Não há horários de trabalho afixados, muitos dos trabalhadores não têm cópia do contrato que assinaram.
Há trabalhadoras com contrato a termo incerto há 17 anos! Outras há 10, 12, 15 anos!
As categorias profissionais não batem com as funções que cada uma desempenha.
Formação profissional é uma miragem. Conduz-se empilhadores sem formação ou com a licença caducada. Uma máquina avaria, o tempo em que esteve parada é descontado nos prémios dos respectivos trabalhadores!
Cortes indevidos nos subsídios de férias e de Natal e ainda durante o período pós-parto.
Estás a chegar ao fim do contrato?

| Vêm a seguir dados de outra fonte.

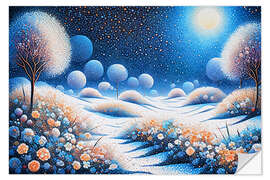 Wall sticker Pointillist Landscape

Sugerem que te despeças para seres readmitido passados poucos dias com outro contrato! E para dar um ar sério à coisa, mudas de serviço!
Mas esta empresa para além de exemplar é moderna. Faz regularmente questionários aos trabalhadores, para fazer de conta que os leva em consideração. Dizem para responder à vontade, que é confidencial mas, quem os recolhe, escreve por fora, a lápis, o nome do respectivo trabalhador!

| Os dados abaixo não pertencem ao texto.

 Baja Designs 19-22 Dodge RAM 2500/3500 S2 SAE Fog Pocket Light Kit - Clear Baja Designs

Se alguém faz um comentário mais arrojado, a resposta é invariavelmente a mesma: Podem dar-se por satisfeitas com as ótimas condições que aqui têm… lá fora está muita gente que gostava de estar no vosso lugar…
Um Partido insubstituível
Vem tudo isto a propósito da campanha oportunamente lançada pelo nosso Partido sob o lema Mais direitos, mais futuro, não à precariedade.

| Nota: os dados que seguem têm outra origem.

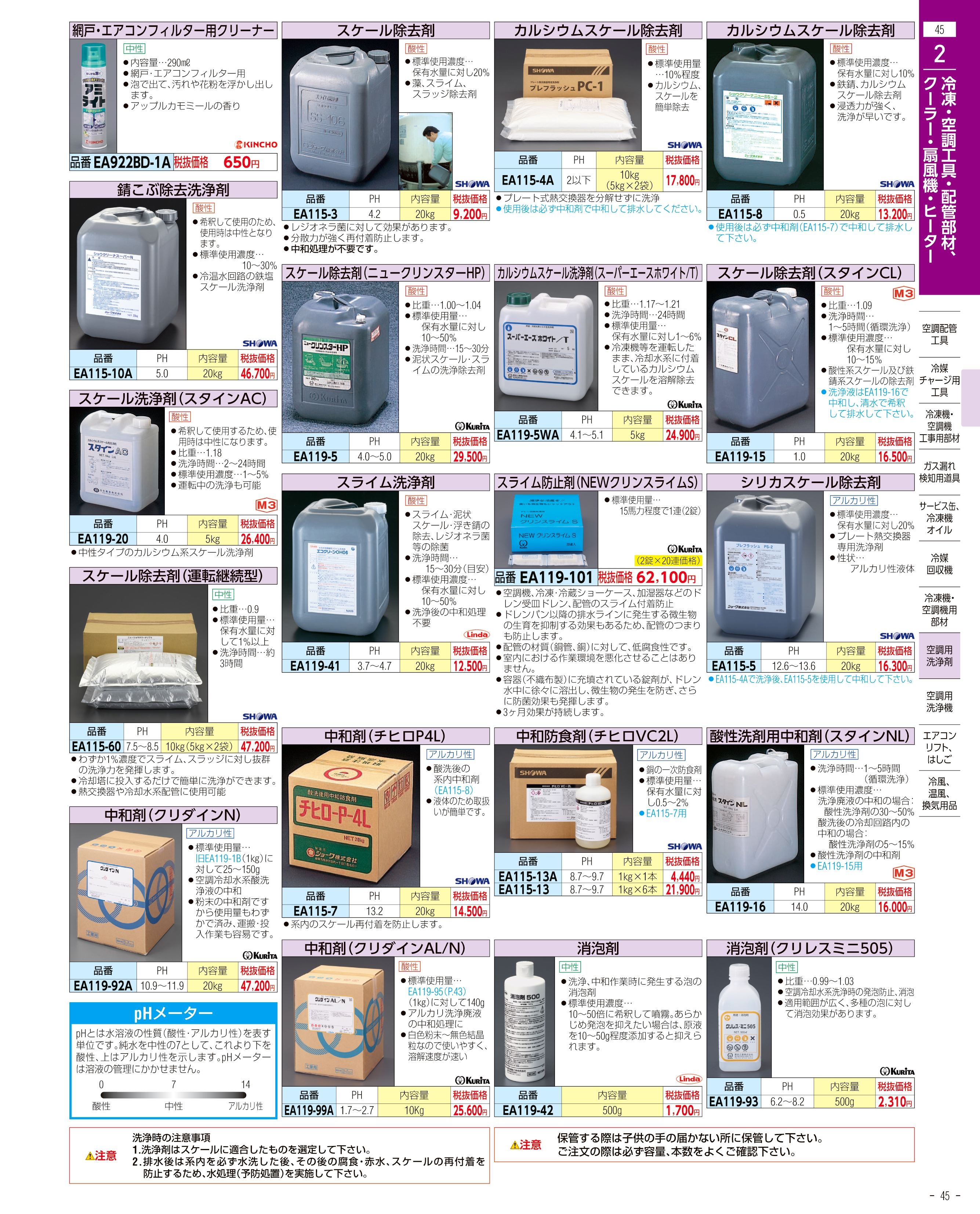 エスコ便利カタログ45ページ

É uma evidência que como resultado da política de direita, toda ela conduzida ao serviço do capital e em confronto com os mais elementares direitos de quem trabalha, a precariedade transformou-se numa importante arma do patronato contra os trabalhadores e os seus direitos, com os resultados que estão à vista.
Por aqui se percebe o porquê do ostensivo e sistemático desrespeito pela Constituição, o ataque ao movimento sindical de classe e um tão grande empenhamento pela consagração da caducidade da contratação colectiva.
De um lado, patronato com as costas quentes, do outro os trabalhadores impotentes para lhe fazer frente. Seria um final perfeito para o filme daqueles que vivem à conta da exploração de quem trabalha. Mas a coisa complica-se quando estes se apercebem das injustiças e transformam a sua revolta em consciência de classe. E com essa consciência se apercebem da importância de se unirem em torno da sua organização de classe e de lutarem pelos seus direitos.
É uma luta por direitos, pela melhoria das condições de trabalho e de vida, mas é também uma luta pela dignidade e pela liberdade.
Na próxima reunião, que já ficou apalavrada, por certo virão ainda mais algumas trabalhadoras.
Tomaram consciência da importância de se organizarem, de se unirem, de se sindicalizarem…
Não resistiremos a perguntar-lhes, em particular à Maria, o porquê de se ter dirigido a nós, ao PCP e não a outros. Estamos certos de qual será a resposta: o reconhecimento do papel, único e insubstituível, deste Partido na defesa dos direitos dos trabalhadores. Ou seja, a consciência de classe a transformar-se em consciência política.
Maria és bem-vinda, tu e as outras trabalhadoras!